Donovan Says Force-Sizing Construct Will Come in Fiscal 2020 Budget


Donovan said there is some growth in USAF squadrons. Above, A1C Leilani Emilo, SrA. Jacob Carter and SSgt. Riley Collins of the 57th Aircraft Maintenance Squadron Lighting Aircaft Maintenance Unit load crew membersare working to transport a Mark 84 bomb to an F-35 Lightning II fighter jet at Nellis AFB, Nev., Jan. 8, 2018. USAF photo by A1C Andrew D. Sarver.

The recently released National Defense Strategy didn’t specify numbers of fighter squadrons, ships, or combat brigades the US should have, because that hasn’t been decided yet, Undersecretary of the Air Force Matt Donovan said Monday.

Speaking at an AFA Mitchell Institute event in Arlington, Va., Donovan said the Office of the Secretary of Defense and the Joint Staff are still “both working through the force-sizing construct,” and part of that will be to decide “which scenarios they’re going to go against.”

For the moment, the Air Force and the other services are following broad guidance from Defense Secretary Jim Mattis to ensure “the force structure we have now is as capable and lethal as possible,” Donovan said. However, there is some growth in USAF squadrons, he said, because “we’re still buying F-35s, and we’re not retiring anything else” in the fighter area, “so that is increasing our capacity.”

Donovan said “you’ll see more” on the force-sizing construct, which has evolved in the last 25 years, in the Fiscal 2020 budget. During the George H.W. Bush administration, the force was sized to fight “two and a half” major theater wars. The working notion was that the US should have enough forces to fight a “Desert Storm”-like war in the Middle East while having enough forces in reserve to respond to another contingency of equal size elsewhere, such as on the Korean Peninsula. There would be some additional forces on top of that to handle small-scale conflicts and brush wars, or to fight terrorist groups.
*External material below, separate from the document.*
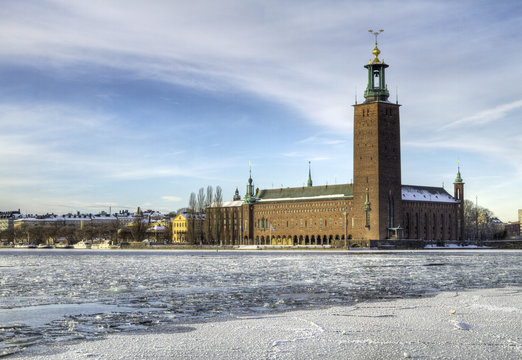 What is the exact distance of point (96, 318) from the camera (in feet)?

The construct evolved over the years—and as forces diminished—leading to concepts such as “win-hold-win,” in which the US could fight one major theater war while forcing a stalemate in a second, eventually winning the second war after achieving victory in the first. Other slogans arose as it became clear during the George W. Bush administration that US forces were actually only sized to fight one major theater war.

Joint Chiefs of Staff Vice Chairman USAF Gen. Paul Selva, meeting with reporters in late January, said the Joint Chiefs have yet to come up with a slogan that would define the new force-sizing construct. He noted that the new defense strategy will build “a global campaign” around all scenarios. “We’ll have those two major plans, which will be in tension with one another,” Selva said. “And that will help define the capabilities and capacities that will need to be built inside the forces.”

Selva also said the scenarios are important—and different than they’ve been—because different scenarios emphasize different forces. “Any fight with China, if it were to come to blows, will be largely a maritime and air fight,” Selva said, adding that it’s not that the Army and Marines would be excluded, but the nature of the conflict would not emphasize them. By contrast, “the Russia global problem set is largely an air and ground fight, supported by elements of our maritime component,” which would lead things off in order to resupply forces in Europe.

“That actually defines two separate but overlapping sets of capabilities and capacities,” he noted, and that’s called out in the NDS. The Joint Staff has decided not to take the easy out and simply call all other conflicts a “lesser included case,” but to define the specific requirements of each, and if the nation chooses not to fu?nd them, say “we are assuming risk … because we can’t do this set of tasks. We either appropriate the funds to get those tasks done or we can articulate the risk. And that’s the process we’re going through right now.”

Selva said the work is only in the “opening phases” and advised reporters to “stay in touch.”